The North Carolina General Assembly had put this type of rescue service in place, but it depended solely on the integrity of those wreck commissioners to do the right thing.  The U.S. Congress appropriated funds to sponsor a new lifesaving station idea.  In 1852, funding paid for surf boats to be stationed along the coast, at Wilmington, Ocracoke, and Bodie Island. It worked a little better than the wreck commissioner idea, but was not perfect.  Later, in 1871, the government decided that a better idea was needed, as the shipwrecks became more numerous with the increase of shipping imports and exports.  The Revenue Marine Bureau was founded, which provided the construction of seven lifesaving stations along the coast.  These were built in 1873 and 1874.  Great idea.  But the stations were not sufficiently staffed.  And, these were all located on the northern shores of the Carolinas, leaving little patrol for the southern shores.

In 1877, the wreck of the ship, Huron,  which had a loss of 103 lives, and the ship, Metropolis, where 85 persons lost their lives,  prompted the government to revise its plans for ship safety and rescue.  The U. S. Lifesaving Service (USLSS) came unto its own, overseen by the Treasury Department.

Pea Island station, built in 1878, was staffed with an all white crew.  Their first mistake was to completely miss a grounded ship.  Four men were killed.  Two of the high ranking officers had to resign from the station.  The first black station keeper, Richard Etheridge, was assigned and placed at Pea Island in 1880.  Mr.
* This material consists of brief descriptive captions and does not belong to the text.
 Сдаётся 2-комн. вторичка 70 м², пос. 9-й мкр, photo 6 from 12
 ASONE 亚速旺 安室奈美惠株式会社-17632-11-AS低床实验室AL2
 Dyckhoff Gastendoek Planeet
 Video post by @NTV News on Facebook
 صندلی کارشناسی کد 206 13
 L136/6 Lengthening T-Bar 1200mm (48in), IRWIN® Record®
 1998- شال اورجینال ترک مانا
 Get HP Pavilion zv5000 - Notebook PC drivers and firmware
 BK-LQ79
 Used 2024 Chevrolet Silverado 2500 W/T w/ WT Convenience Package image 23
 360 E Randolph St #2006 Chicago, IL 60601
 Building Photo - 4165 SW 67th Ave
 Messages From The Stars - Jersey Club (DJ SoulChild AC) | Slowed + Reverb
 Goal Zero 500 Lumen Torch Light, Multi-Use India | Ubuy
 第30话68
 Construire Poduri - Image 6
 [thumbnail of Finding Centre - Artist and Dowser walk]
Etheridge hired an all black crew for Pea Island., probably because no white man would have taken orders from a black man at that point in history.   The station was burned to the ground in May of that year.  It was thought that the damage was due to arson, although no one was ever charged.  Captain Etheridge commanded his crew to rebuild the station.  He was hard on his crew, making them drill ever more than what was expected.  He wanted his crew to be the best.
Richard Etheridge and his crew, http://en.wikipedia.org/wiki/Pea_Island_Life-Saving_Station

The Pea Island group performed their duties very well for many years, assisting in the rescue of ships and schooners through storms and hurricanes.  Captain Etheridge ran a very professional unit at this station for over 20 years.  He passed away at the station in 1900, at the age of 58.  Another black man was assigned in his place, and the station continued to run until it deactivated in 1947.
Pea Island crew, 1942, http://en.wikipedia.org/wiki/Pea_Island_Life-Saving_Station

Twenty-nine more lifesaving stations were built along the Carolina coast. In 1915, the U.S. Lifesaving Service was merged with the Revenue Cutter Service, and was called the United States Coast Guard.  The Lighthouse Service was incorporated into the USCG in 1939.  And now you know the rest of the story....the Coast Guard today not only performs rescues, but it also oversees customs violations, and national maritime regulations.